* **What you should do**
Below this line is a set of entries; quote exactly the lines from the line that contains "女川町の現在。女川港に残ってる建物を壊して、運んでいる" to the line that contains "自由に家具を配置できる広々としたリビングです♪", both lines included.

* **Records provided**
———

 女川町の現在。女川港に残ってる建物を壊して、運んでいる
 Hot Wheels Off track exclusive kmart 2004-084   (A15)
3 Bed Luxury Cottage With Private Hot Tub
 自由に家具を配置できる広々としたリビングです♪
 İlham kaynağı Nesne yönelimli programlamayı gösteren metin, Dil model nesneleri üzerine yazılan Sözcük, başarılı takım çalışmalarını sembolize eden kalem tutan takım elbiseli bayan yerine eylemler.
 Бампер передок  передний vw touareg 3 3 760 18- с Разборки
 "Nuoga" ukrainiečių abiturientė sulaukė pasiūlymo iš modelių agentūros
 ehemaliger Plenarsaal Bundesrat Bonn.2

———

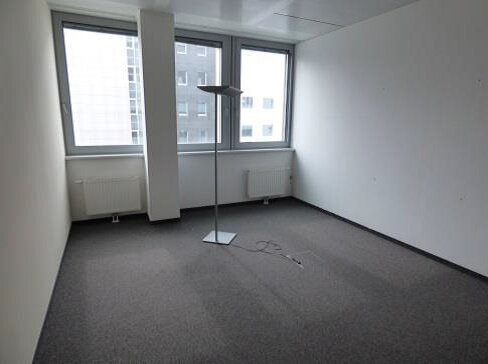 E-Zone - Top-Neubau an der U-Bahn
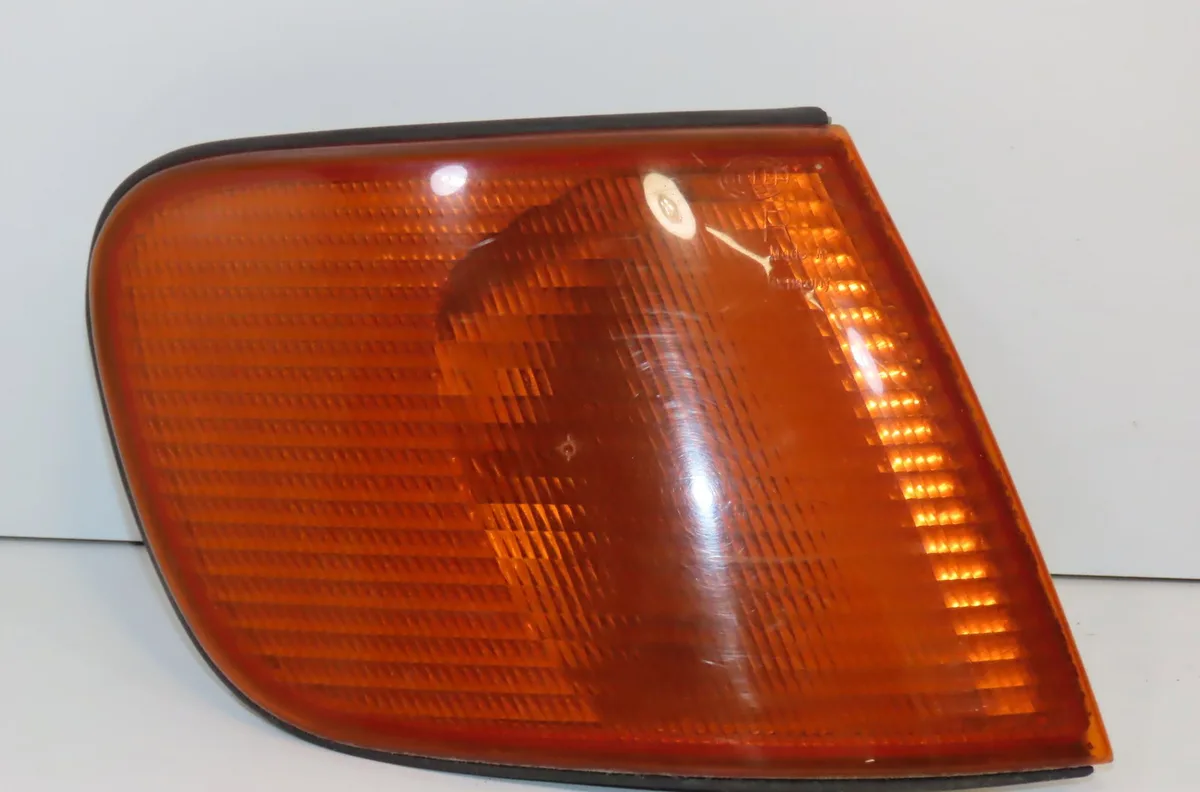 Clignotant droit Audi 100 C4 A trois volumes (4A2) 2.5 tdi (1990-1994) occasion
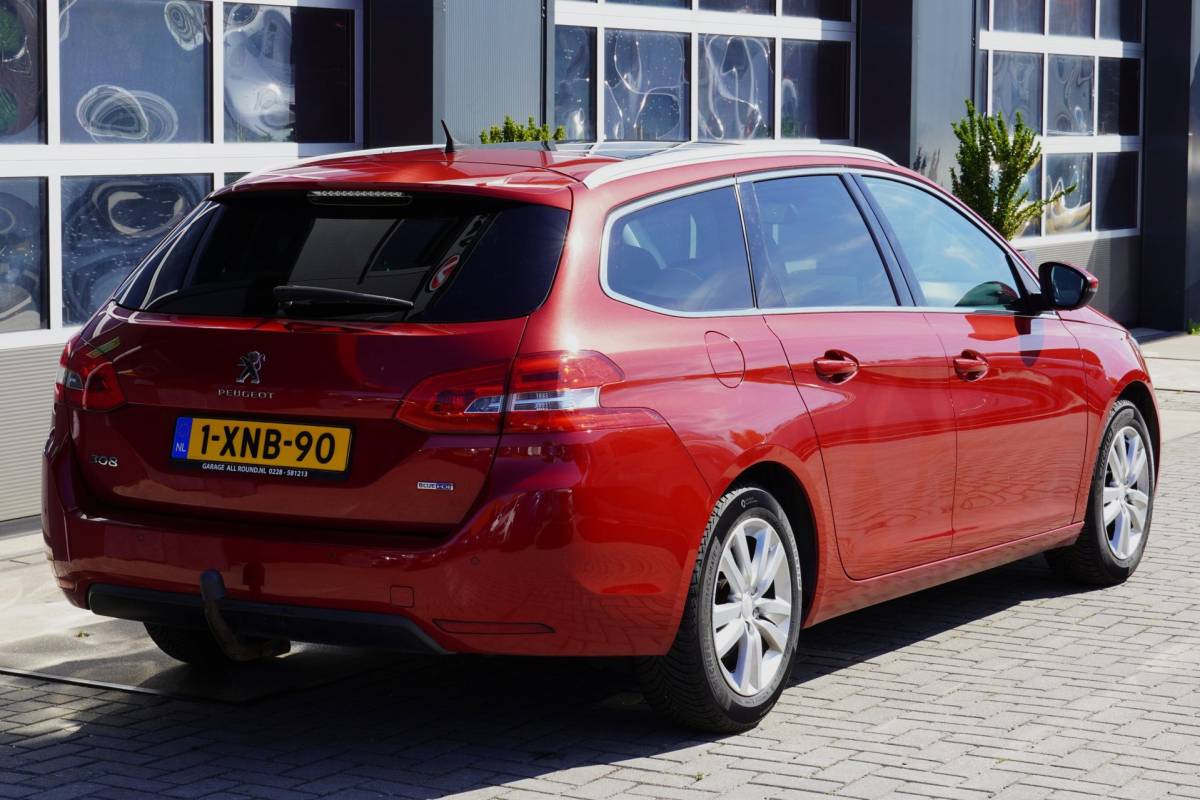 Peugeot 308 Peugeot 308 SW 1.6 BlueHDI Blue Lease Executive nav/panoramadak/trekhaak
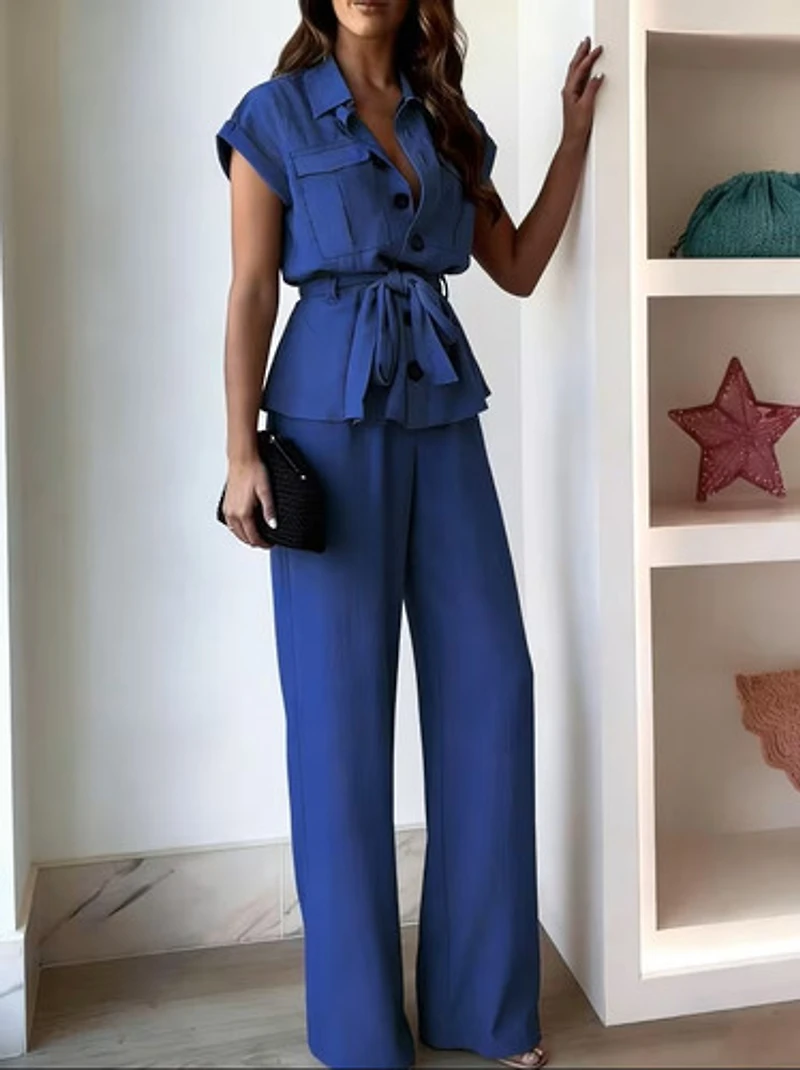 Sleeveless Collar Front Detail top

———

* **Response to this task**
 女川町の現在。女川港に残ってる建物を壊して、運んでいる
 Hot Wheels Off track exclusive kmart 2004-084   (A15)
3 Bed Luxury Cottage With Private Hot Tub
 自由に家具を配置できる広々としたリビングです♪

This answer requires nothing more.